Preview: Managed Grafana Dashboards for Fly Apps

Thanks for all the feedback so far!

Thanks for the request, no ETA but this is definitely something we can look into. We do have some support for multi-process apps for these kinds of edge-cases, and I could imagine the need to scrape from multiple metrics endpoints in those scenarios.

Just pushed a quick fix, thanks for catching this!

Though I agree it would be useful, allowing users to set up datasources for external instances would make the service more complicated to manage. For now we still recommend using your own Grafana instance for external datasources or further customization along those lines, if only to keep the managed service simple and narrowly focused.

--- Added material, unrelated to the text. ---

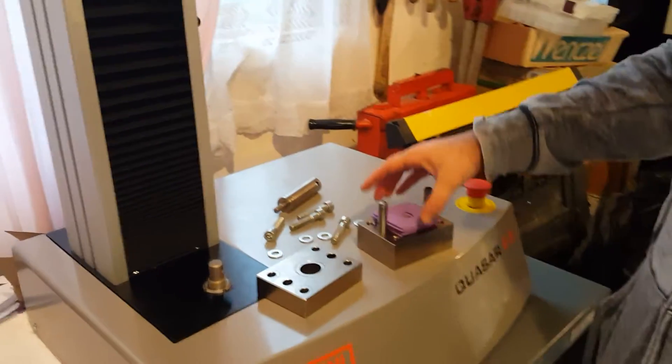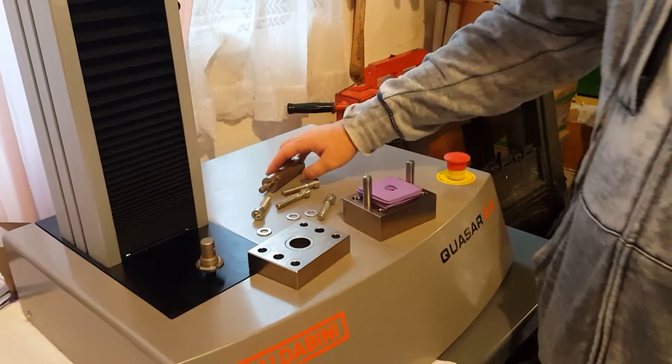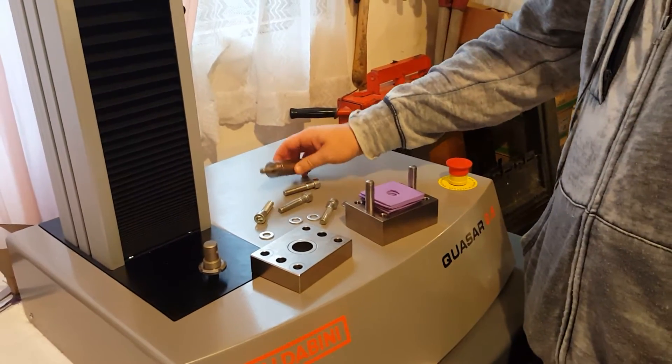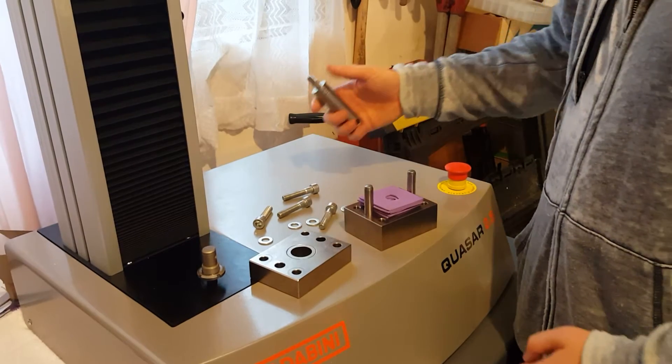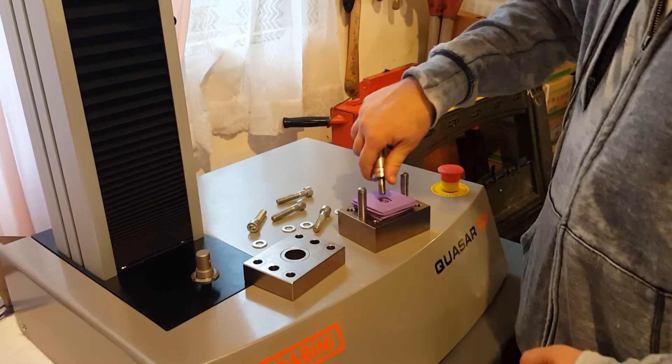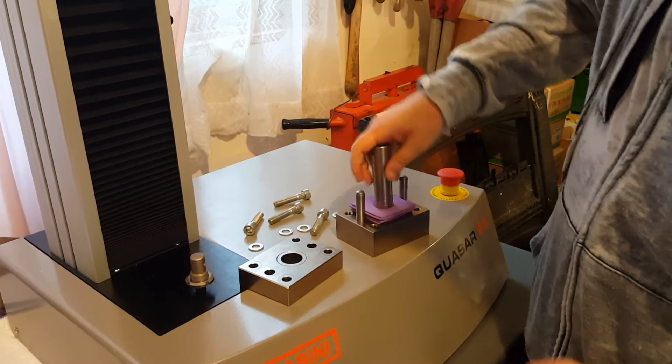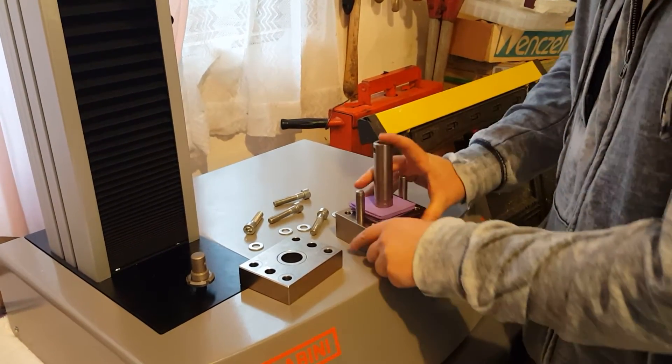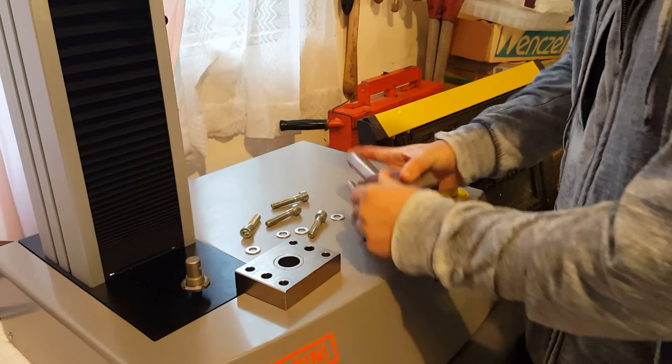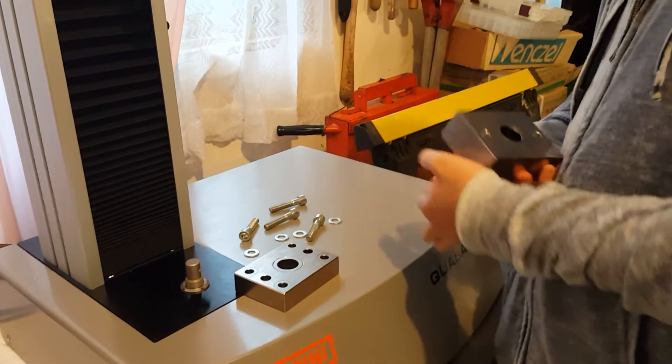We go ahead and place it on the base of the fixture. Now we have our puncture plunger here. I'm going to go ahead and put it on, flip it around.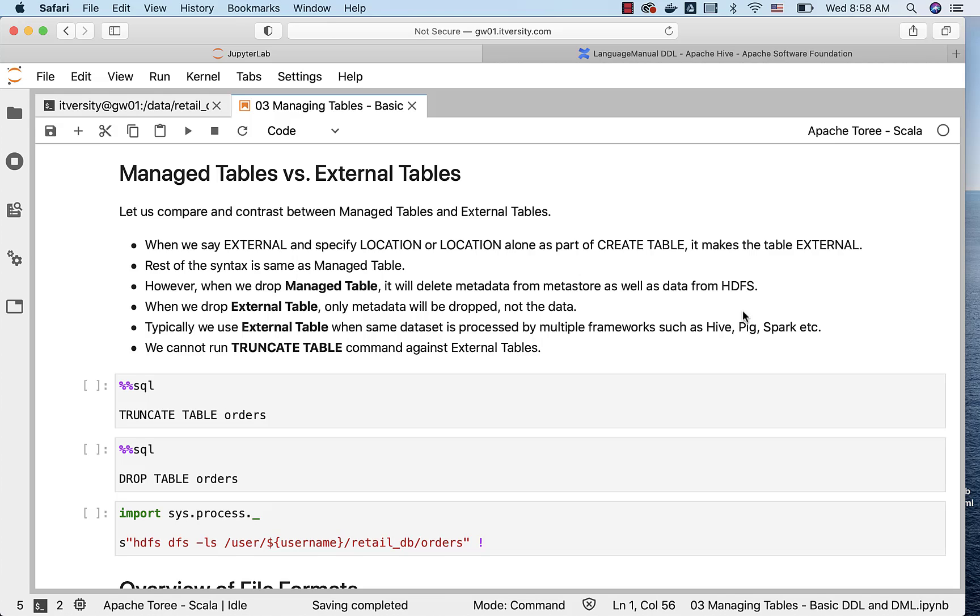As we have seen both managed tables as well as external tables, let us compare and contrast between managed tables and external tables.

We only added Prometheus to offer a simple service at first, but we’re looking into ways we might eventually expand this to add a built-in datasource for app logs, or maybe even our GraphQL API.

1 Like
  1. On the “fly-app” dashboard: The network-io graph shows the label of “instance + region”. That is more useful than just the “instance” which is shown on all the other graphs and can be used to tune a region.
  2. On the “fly-edge” dashboard, I made a table to show where the edge traffic was going out vs where the instances were. The heatmap and data-in/data-out indicated that there is interesting data, but it was hard to put together. I used these two queries to find out that I didn’t pick the optimal regions. Something like this might be handy on the fly-app dashboard, too. For instance, I have AMS as one of my regions, but the majority of the traffic is exiting out of FRA, etc. I think the “heatmap” on fly-app could be more useful as a table perhaps.
label_uppercase(sum(rate(fly_edge_data_out{app="appname-prod"}[$__range]))by(region), "region") or 0
label_uppercase(sum(rate(fly_instance_net_sent_bytes{app="appname-prod"}[$__range]))by(region), "region") or 0

Edit:

OK, The heatmap on fly app dashboard is actually that, but I didn’t understand how to read it. The circles are the instances and then the heatmap itself shows where the data is exiting from the edges.

2 Likes

Thanks for the feedback! I gave the Fly-App dashboard a small tweak based on your suggestions:

  1. All instance labels now have region appended.
  2. There’s now a tooltip on the Data Out map for better contextual info (and to help distinguish between instance and edge- I agree it’s a bit hard to understand). I’ve also squeezed in a table displaying the same data in table form.

Thanks, really appreciate the changes.

Another comment regarding color scheme for the heatmap. It’s extremely hard to see the dark blue when looking at the map.

image

I accidentally moused over south america and found that there is an edge (GRU) that has traffic.

How do I log out from fly-metrics.net? I have separate work and personal accounts. Thanks

Logging out is currently a bit of a manual process:

  1. Sign out of fly.io (fly.io/app/sign-out, or Account → Sign out from the Dashboard);
  2. Sign out of fly-metrics.net (fly-metrics.net/logout, there’s currently no link in the UI so just go to that page directly).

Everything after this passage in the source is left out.